Popular gossip page, Instablog9ja, an Instagram account distinguished for its use of private lives and controversial updates as fodder to stir up hypocritical Nigerians into a blood lust whenever its administrators need a boost in their numbers, might seem like the last place where you’d expect to see validation about many of the things we’ve discussed on The Sexuality Blog. But that is exactly what happened when we stumbled on this update on the blog.
On the Sexuality Blog we’ve spoken at length about how gender and sex were two perfectly separate concepts to precolonial Nigerians, and people who were not heterosexual were accepted in those communities. In precolonial Nigerian customs (many of which have survived to this day) gender was simply a predetermined set of roles and expectations, usually attributed by sex but not limited exclusively to it. Like Mary Torkwase Antom, many women whose children and spouses died prematurely could become ‘men’ and marry women to carry on their birth lineages and keep property within the family.
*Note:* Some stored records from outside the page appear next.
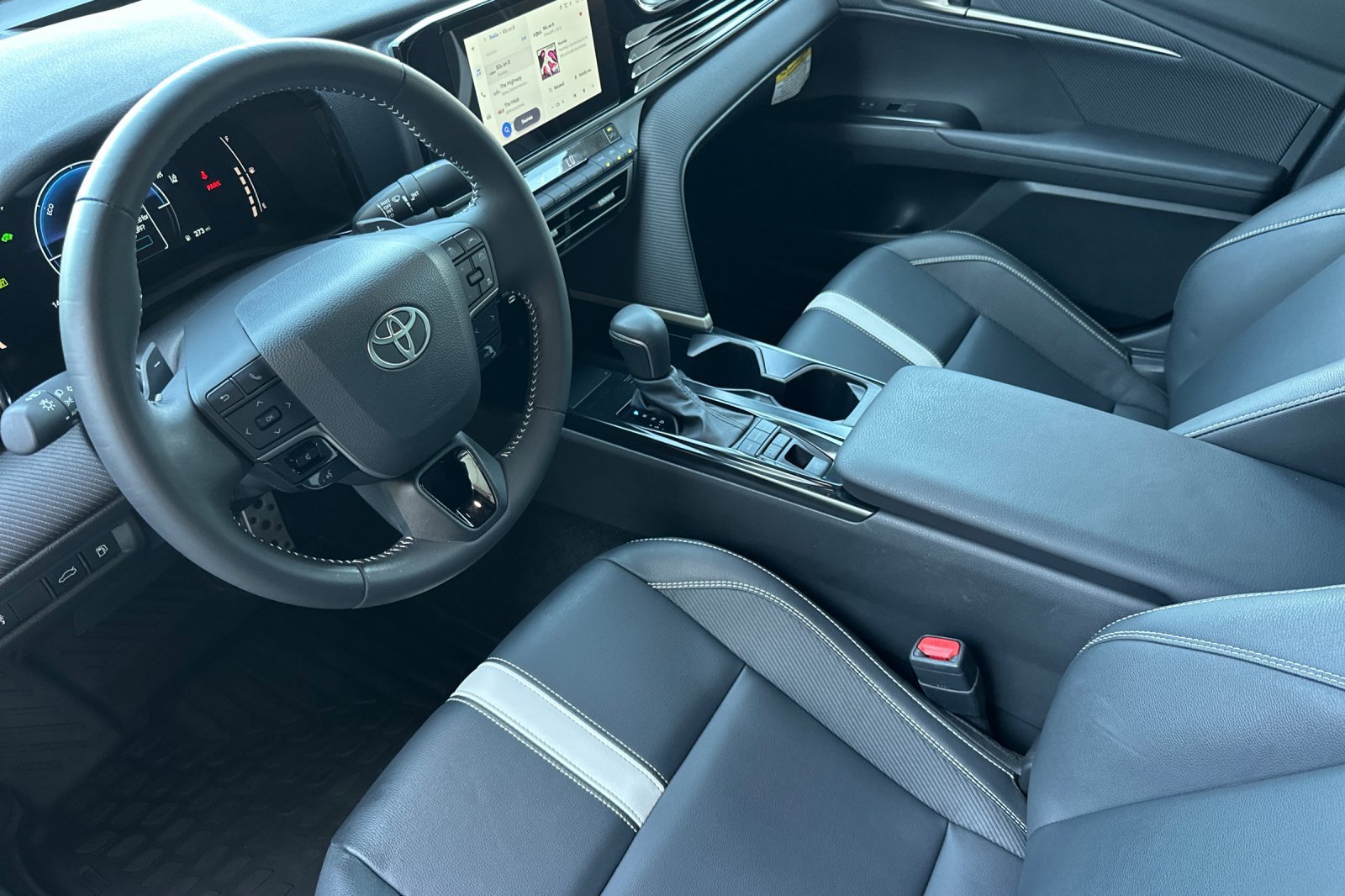 Used 2025 Underground Toyota SE image 9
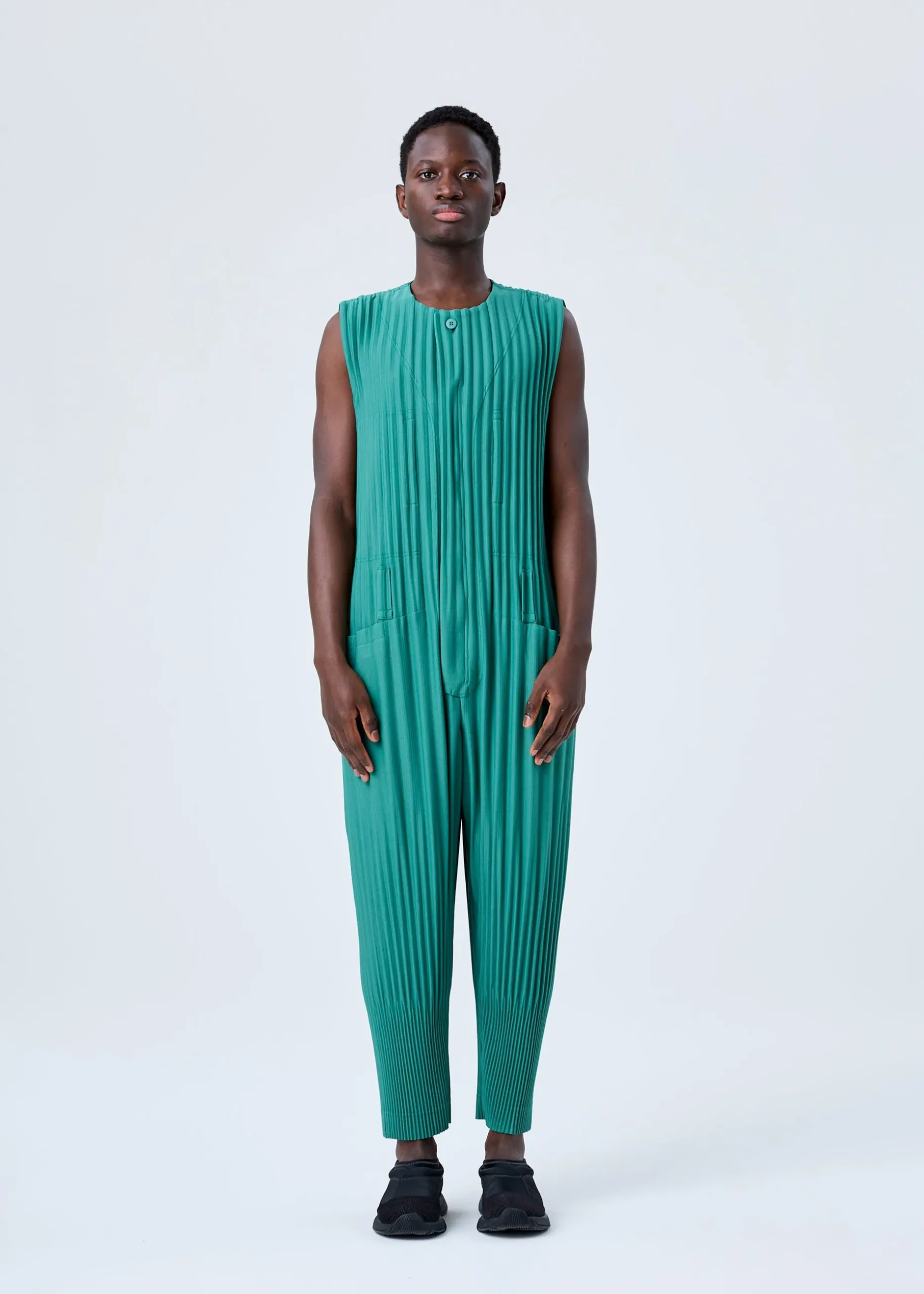 pleats_bottoms__5-6.webp PLEATS BOTTOMS 2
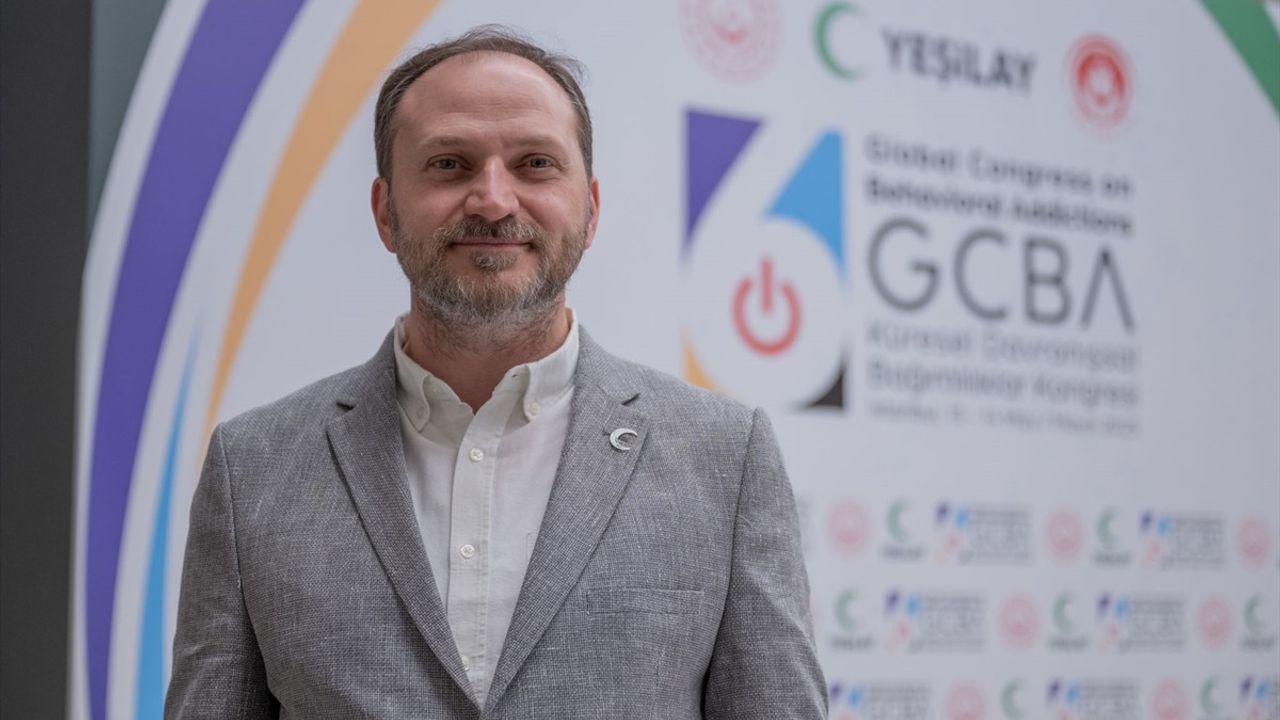 İstanbul'da 6. Küresel Davranışsal Bağımlılıklar Kongresi Devam Ediyor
The patrilineal lineage of children sired by the wives of these female ‘men’, were never questioned or thrown out as illegitimate and their parents knew better to try to claim them. This changing of genders for economic reasons is well documented in pre-colonial Igbo land and it is refereshing to see it also still active in Benue state.
Perhaps this might motivate us to consider that sex and sexuality related issues are never as rigid as we like to convince ourselves.